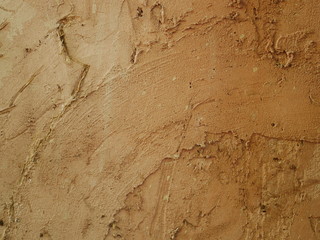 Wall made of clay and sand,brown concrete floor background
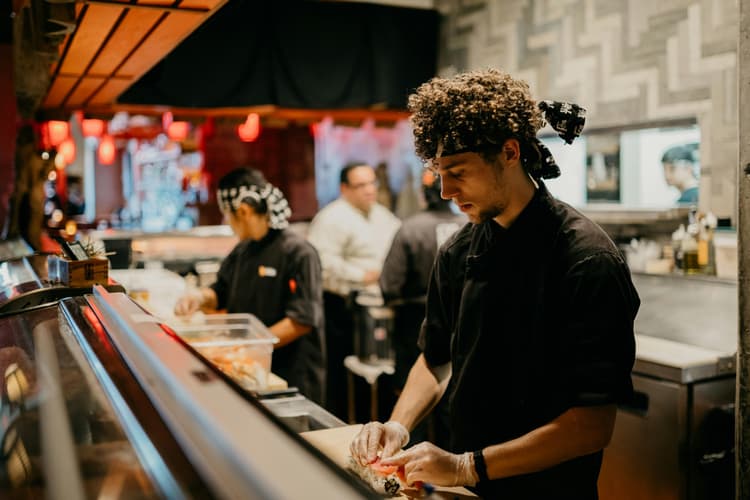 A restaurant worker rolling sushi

...

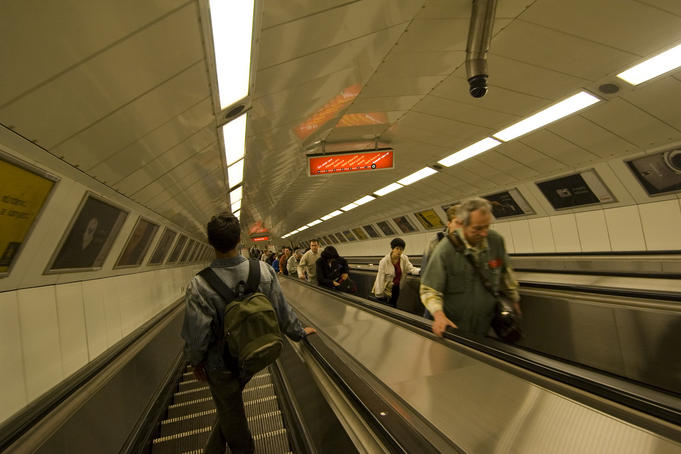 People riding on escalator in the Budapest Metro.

---

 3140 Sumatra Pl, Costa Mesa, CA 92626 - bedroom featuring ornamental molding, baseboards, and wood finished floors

WHAT IS REQUIRED - Exactly the lines above from the one that contains "Wall made of" down to the one that contains "A restaurant worker rolling sushi" are to be output, both ends kept and pictures omitted.

TASK SOLUTION -
 Wall made of clay and sand,brown concrete floor background
 A restaurant worker rolling sushi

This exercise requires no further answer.